Braschler: Wenn Branson hinsteht und sagt, dass wir etwas machen müssen, hat es halt einen Effekt. Jeder kennt ihn. Und er hat Einfluss.
Fischer: Wir brauchten neben den Direktbetroffenen noch eine andere Geschichte mit anderen Menschen. Sie erreichen ein anderes Publikum. Das Vanity-Fair-Publikum beispielsweise, das sich über andere Dinge definiert.

Im Corona-Jahr standen Gesundheit und die Wirtschaft im Vordergrund und das Thema Klimawandel in den Hintergrund gedrängt. War es auch deshalb ein verlorenes Jahr?

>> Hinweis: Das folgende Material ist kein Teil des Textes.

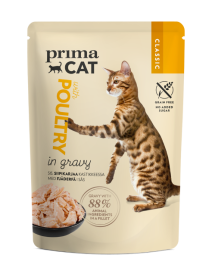 Konservuotas kačių ėdalas PRIMACAT Classics, paukštiena padaže, 85g
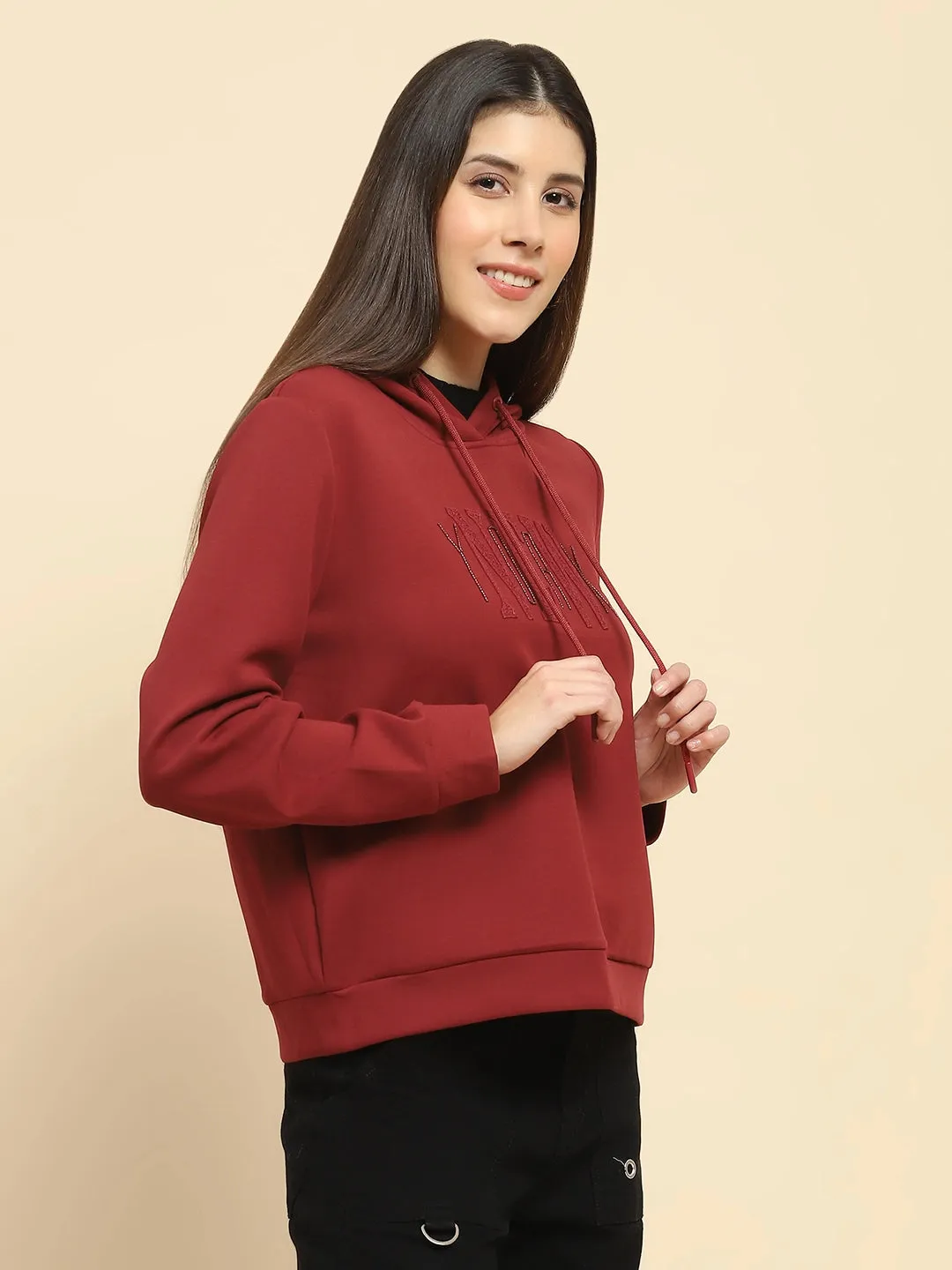 Maroon Poly Blend Embroidered Loose Fit Sweatshirt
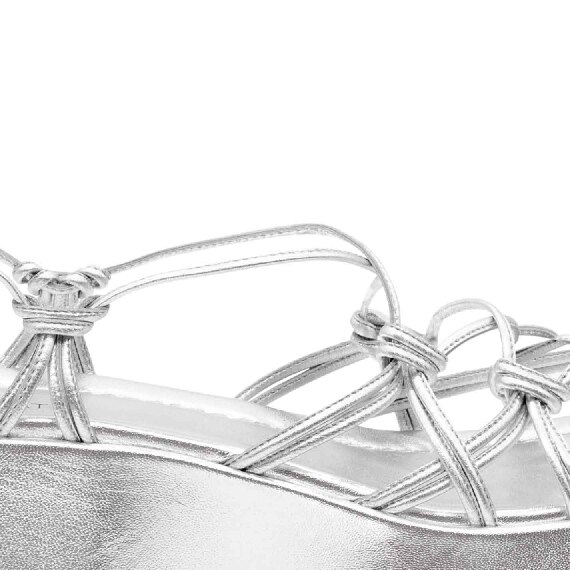 Mini Yoko criss-cross sandals in laminated silver nappa calfskin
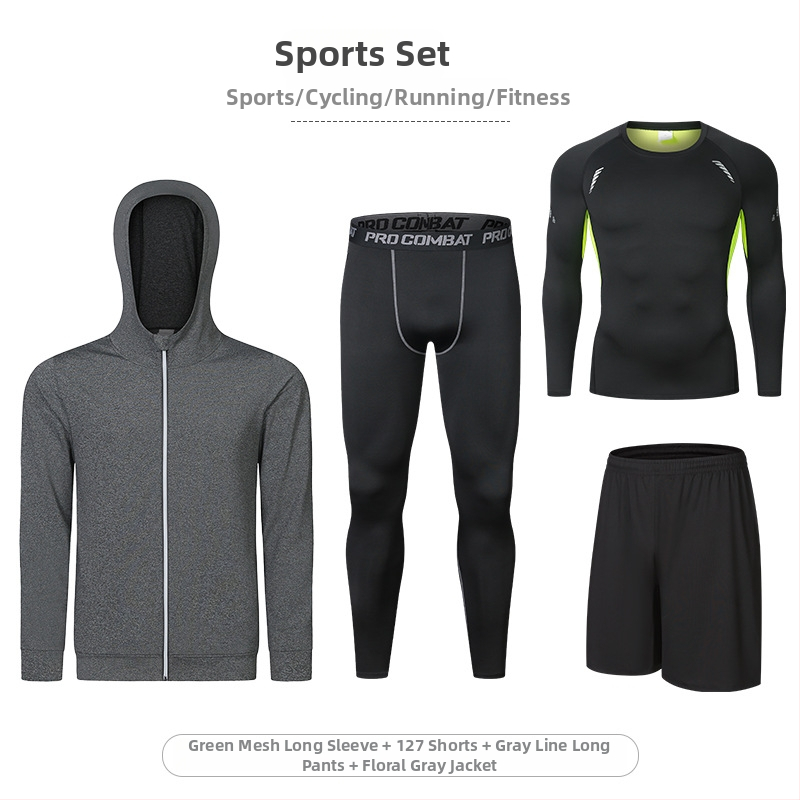 Četru gabalu fitnesa komplekts ar augstu elastību un ātru žāvēšanu, Milk Silk Spandex audums, īsās piedurknes un īsās bikses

Braschler: Ich glaube, das Jahr hat uns auch viel zum Nachdenken gebracht. Und gerade in der Wirtschaft gewisse Dinge bewegt. Jede Firma weiss jetzt, dass man nicht für jedes Meeting rund um die Welt fliegen muss, sondern es über Zoom machen kann. Aus rein wirtschaftlichen Gründen. Daran werden die Airlines keine Freude haben. Aber so muss es sein! Das ist positiv. Und Corona ist irgendwann durch. Der Klimawandel wird extremere Folgen haben – daher werden sich auch die Menschen wieder vehementer engagieren.
Fischer: Viele Menschen waren auch in der Natur, haben blaue Himmel ohne Kondensstreifen gesehen. Das hat sicher auch etwas gebracht.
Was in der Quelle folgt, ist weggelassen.